I am a big geek and sometimes I like to scour the internet for rare or obscure things. In the case of video games, there's some diamonds in the rough out there. Games that weren't released because they were so strange and odd and original that they were deemed bad. The following are a selection of truly odd (but good) games that not many folks (other than weird internet geeks know about).
1. Taito's
Hit the Ice  |
Roaming the wastelands lookin' fer beers eh! |
Hit the Ice boggles my mind. It's basically what you'd get if you threw Ice Hockey, Dragon Quest, and Slapshot into a blender. You are a Canadian tough guy hockey player who is told by his coach to go out into the wastelands of Canada and win the VHL championship. As a Canadian, I'm interested in how a Japanese company would portray the great game of Hockey and also wonder how it would translate into an RPG genre of game. Basically, Japan perceived us Canadian types as neanderthal gorillas who wander around a giant wasteland searching for hamburgers, chicks, hockey games, and fistfights. I think they hit the nail right on the head with this one.
All the elements of an RPG are there, you travel the worldmap getting into random encounters (except you don't fight gremlins and shit, instead you are attacked by rival hockey teams who you play 2-on-2 hockey matches against).The trick to winning these battles is to score one goal, then pick-a-fight and punch your opponent in the face until the clock runs out, then hot chicks come out and you celebrate gaining 5 EXP points.
Secret Tips:1. Do not go into the arenas until you're good, the opposing teams are as fast as fuck and can literally uppercut you across the ice.
2. Eat Hamburgers all the time. Burgers give you vital nutrients and EXP points.
3. Watch out for rowdy arenas in opposing cities where rowdy rednecks will pelt you with beer bottles.
4. Cherry pick. There's no two-line passes or offsides so while your goalie holds the puck skate into the opposing zone then pass it across the entire ice surface and shoot.
5. Use "Dicky" Fontaine cause he has the best name in the game.

6. You
can't swim so you have to buy an apple to give to an old man who has the life saving inner tube which you can use to cross rivers and streams at will!
2. Enix's Wonder Project

Wonder Project was an SNES game that tells the story of a guy who makes a robot kid and introduces him into the world of humans. Blind to the ways of mankind this modern day Pinocchio must adjust to the world around him. You don't even control the character you just reward him and punish him depending on what he does. Each stage of the game has different situations and obstacles that require him to react in certain ways, and in order to get him to react in certain ways you must teach him through painstaking repetition and drills.

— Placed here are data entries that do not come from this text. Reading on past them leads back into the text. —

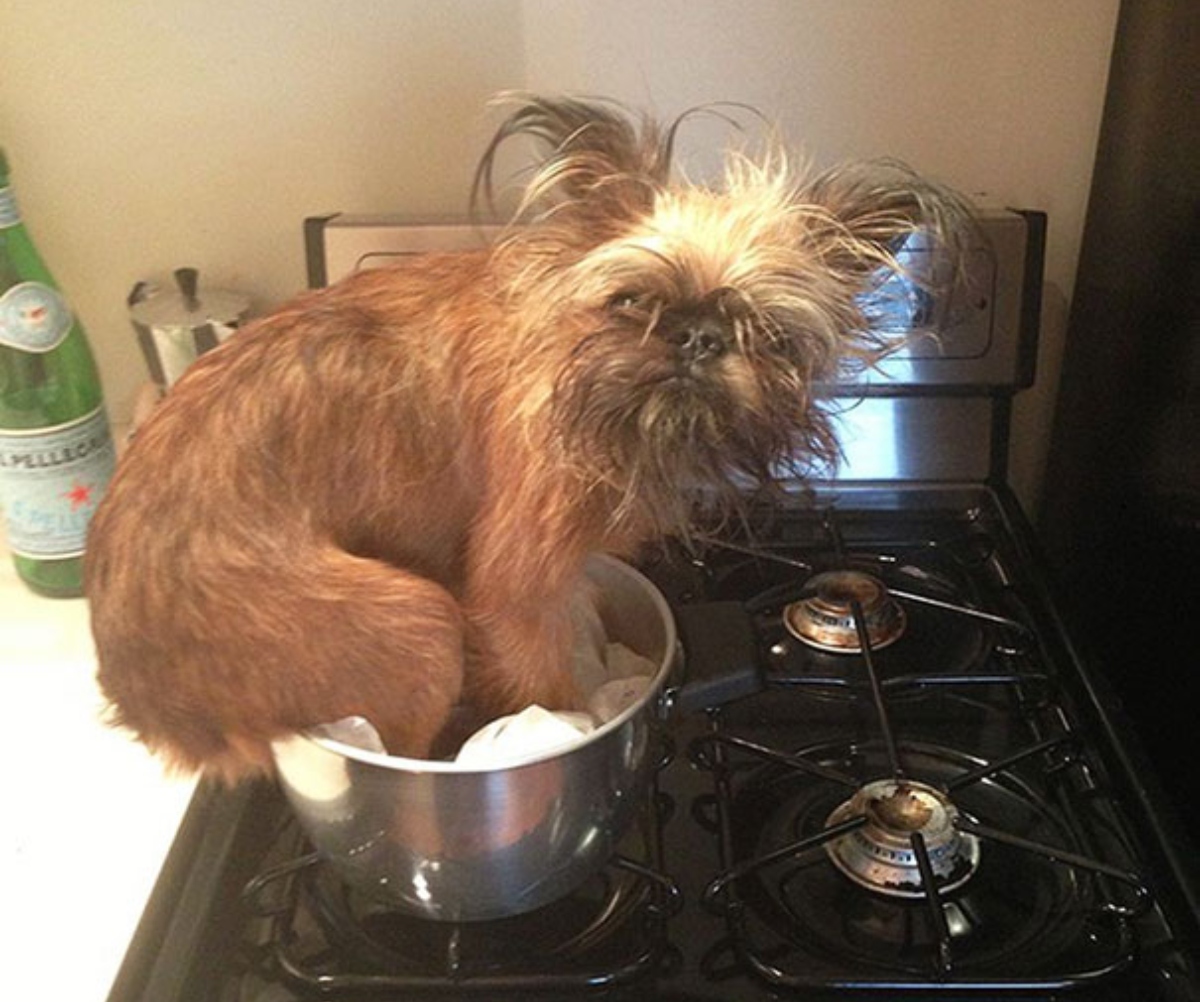 dog soup
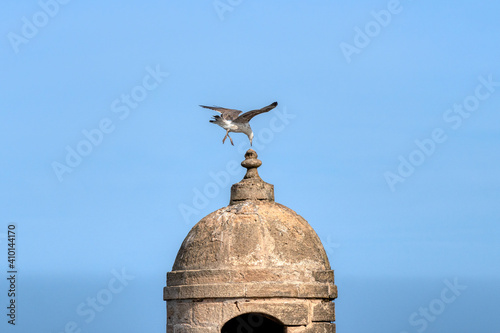 Seagull Checking The Landing Spot, Sqala du Port, Essaouira, Morocco. © Xiahou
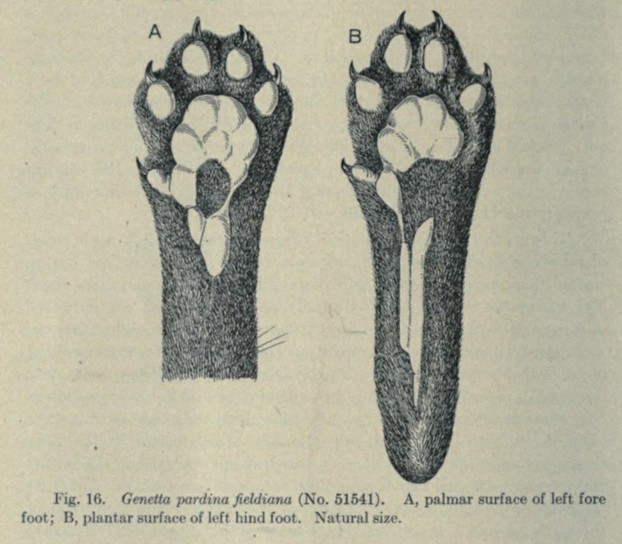 Bulletin of the American Museum of Natural History, vol. XLVII, Art. III (April 11, 1924)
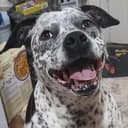 ZOEDOG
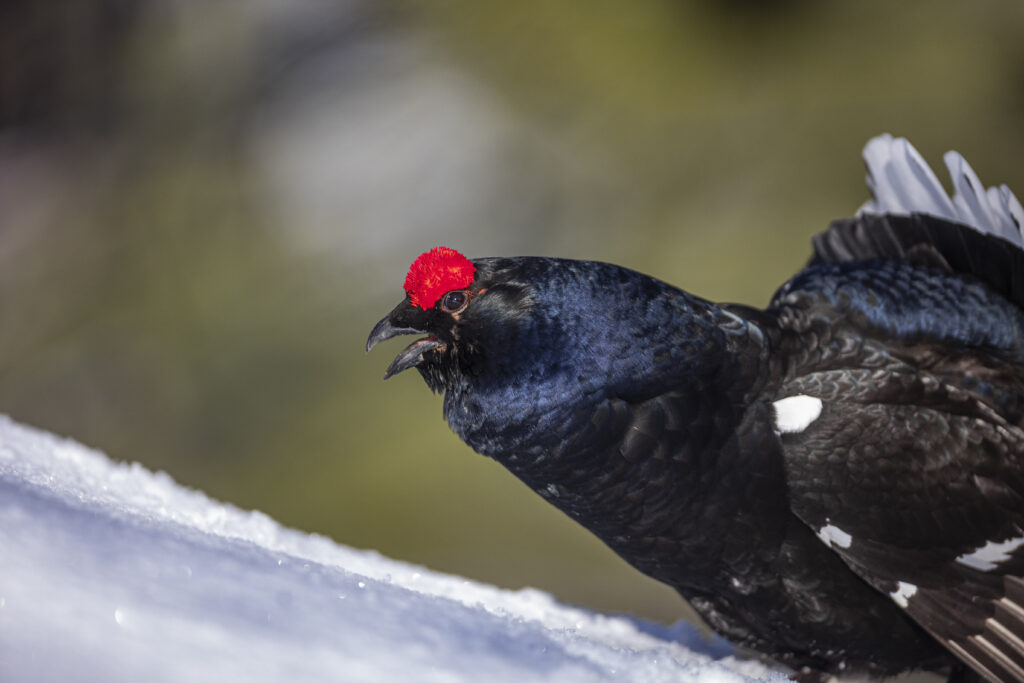 Galliformes de montagne : ces oiseaux discrets dont dépend l’équilibre de nos sommets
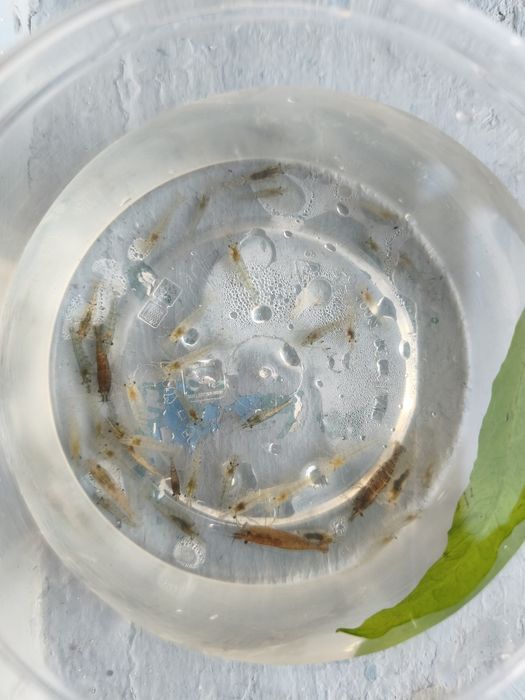 Camarão neocaridina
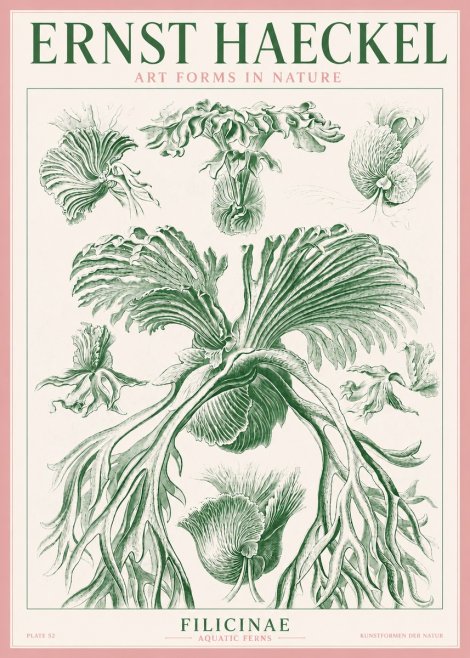 Ernst Haeckel Filicinae No3 - Affiche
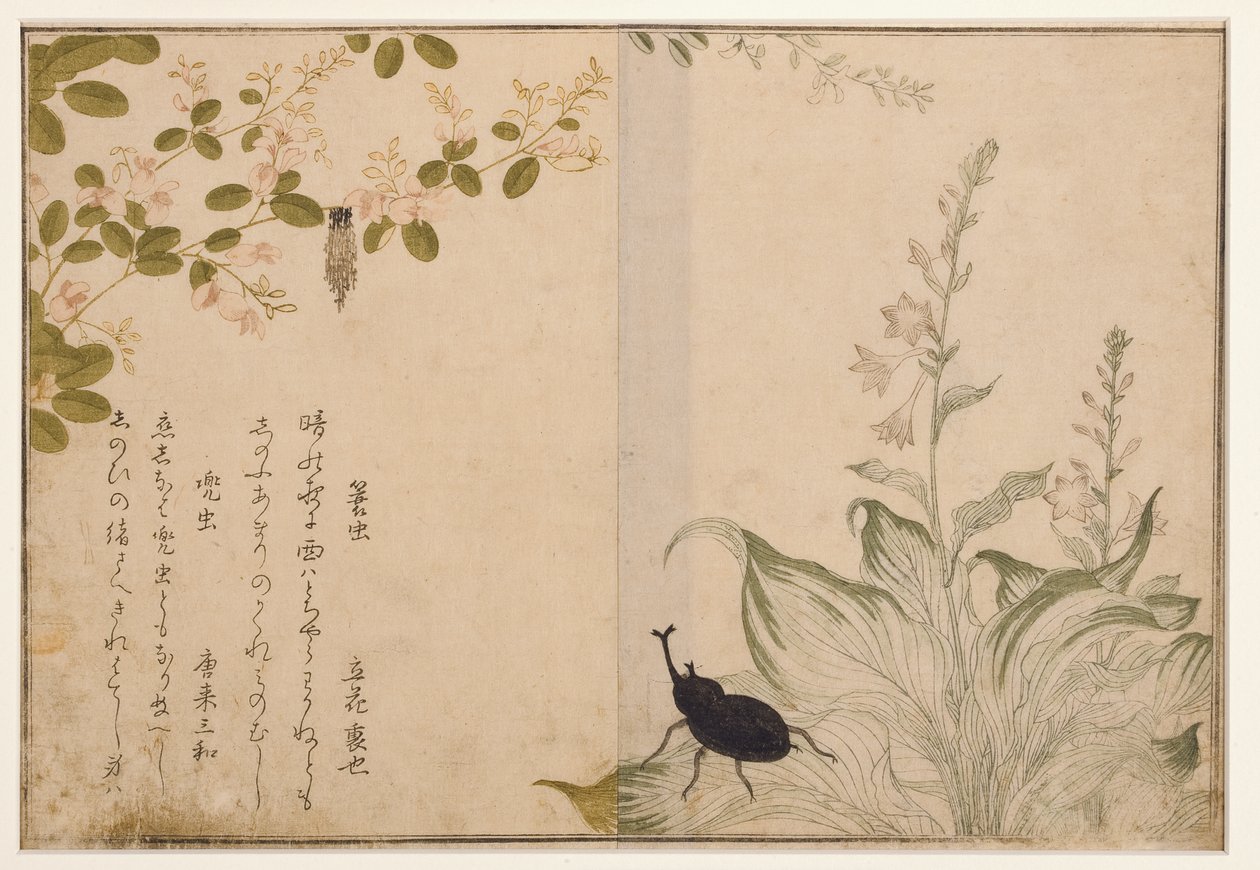 Kurvorm og hjelmbille, 1788 (treblokk) av Kitagawa Utamaro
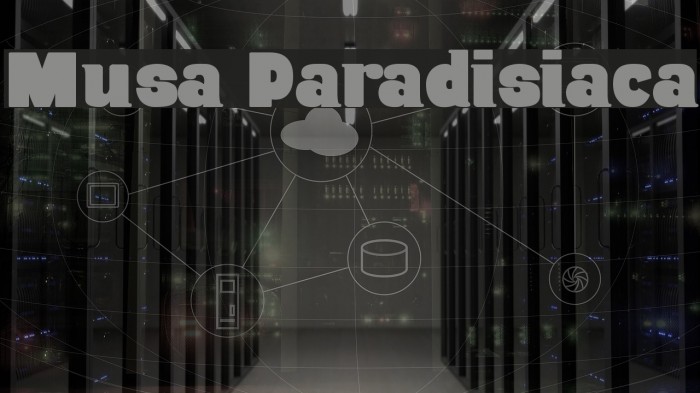 Musa Paradisiaca Font examples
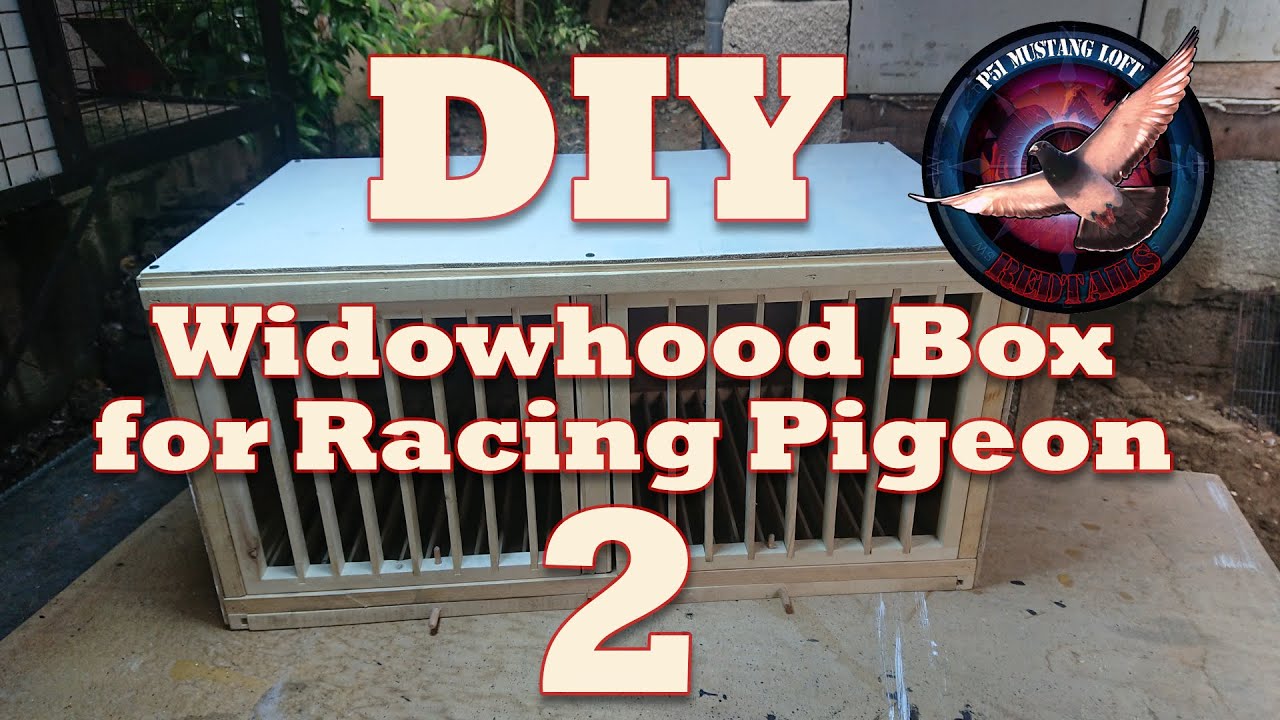 PART 2 OF DIY WIDOWHOOD BOX FOR RACING PIGEON.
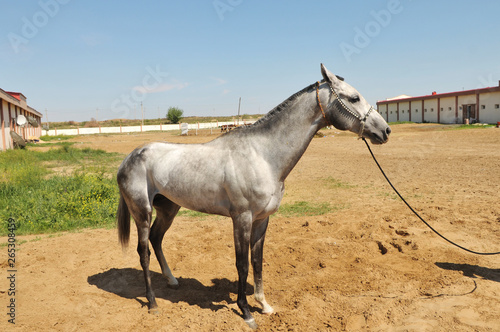 Horse in Turkmenistan © IV. Murat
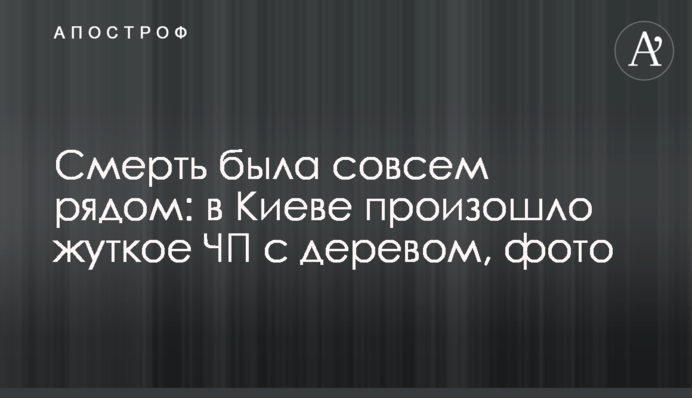Смерть була зовсім поруч: в Києві сталася жахлива НП з деревом, фото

For example for some levels of the game he needs to be nice and tame in order to help an old lady or something...while at other times in the game you have to beat the nice out of your son/robot in order to make him aggressive in order to compete in a fighting or athletics competition. It's a strange concept and you really have to play it to understand what I'm talking about. Some behaviors that you taught him at the start of the game have to be washed out of his mind to get him to interact with an object differently for a later stage in the game, it's really difficult to know what you have to do in a lot of cases. He has to be smart at times (make him read the encyclopedia all day), and other times really stupid (make him read comic books all day) in order to progress the game.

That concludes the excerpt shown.